Security Technology News - December 2011
Raytheon's Groundbreaking Acoustic Riot Shield
Posted by Security International's News Correspondent on 21/12/2011 - 10:50:00
US defence/aerospace contractor Raytheon has filed a patent for a new type of riot control technology.
Its groundbreaking riot shield design adapts an approach already used by other security devices but never before in this way. Named the Man-Portable Non-Lethal Pressure Shield, it's intended to suppress rioters through emitting sound waves capable of ultimately causing temporary subject paralysis.
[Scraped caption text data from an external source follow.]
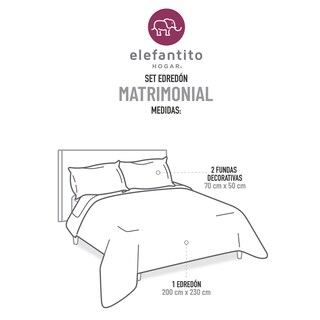 Foto 7 | Edredón Con Fundas Matrimonial Elefantito Hogar Roseta Color Rosa Suave Pelo Largo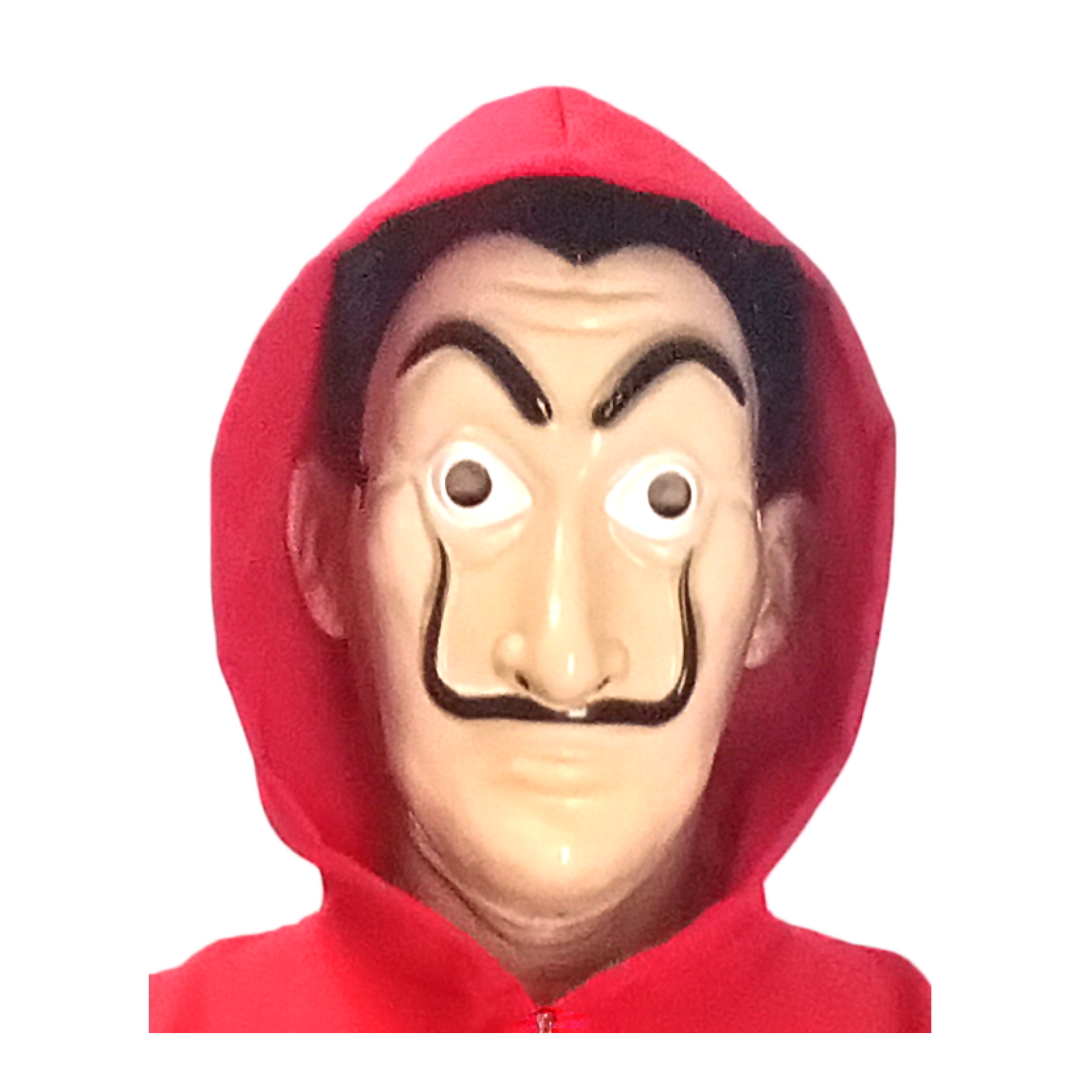 Máscara blanca con bigote negro y rasgos que simulan el rostro de Salvador Dalí, ideal para disfraz de La Casa de Papel.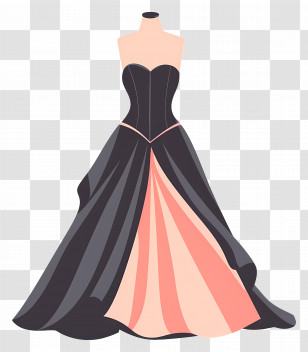 Black Wedding Dress - Elegant Black Dress With Pink Accents Transparent PNG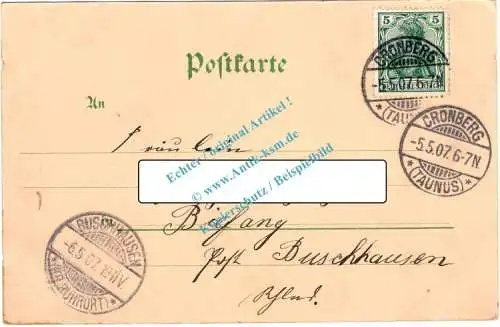 AK-PK Cronberg i. Taunus , Motiv -Stadtansicht Totale- gel. 1907 , Hessen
While traditionally riot shield-like in appearance, the product would have integrated what the patent application terms a ‘sonic pulse generator' and a linked control mechanism, which the operator could deploy at the appropriate time. Fired at a low frequency, the sound waves could either be released as a single burst or as a stream.
Raytheon Acoustic Shield
As a result, rioters on the receiving end of Raytheon's acoustic shield would have their upper respiratory tract activated to the extent that breathing becomes difficult. The effect would be more powerful in instances where these shields are deployed en masse, producing a more focused and further-reaching wave form as a result of, essentially, being networked up together.
US law enforcement officials already have one type of acoustic crowd control technology in use - the LRAD sound cannon. This works in a slightly different way, using sound itself as a means of bringing on headaches and/or nausea in rioters.
Acoustic Riot Shield
Whether this acoustic riot shield technology is capable of causing anything other than temporarily interrupted breathing hasn't yet been reported. "We do not have sufficient technical detail yet to determine if there are any hidden medical implications", Steve Wright, from the UK's Leeds Metropolitan University, told the New Scientist publication "These are always a concern because of the risk to sensitive bodily functions such as hearing, or even inducing panic attacks in asthmatics."
Chief among the concerns so far expressed is the idea of the acoustic riot shields being used to gain control in a political sense."If authorities in Egypt or Syria had this, would they use it for dispersal or to shove crowds into potentially lethal harm's way?", Wright concluded.
Security Technology will revisit Raytheon's acoustic riot shield design in future News coverage.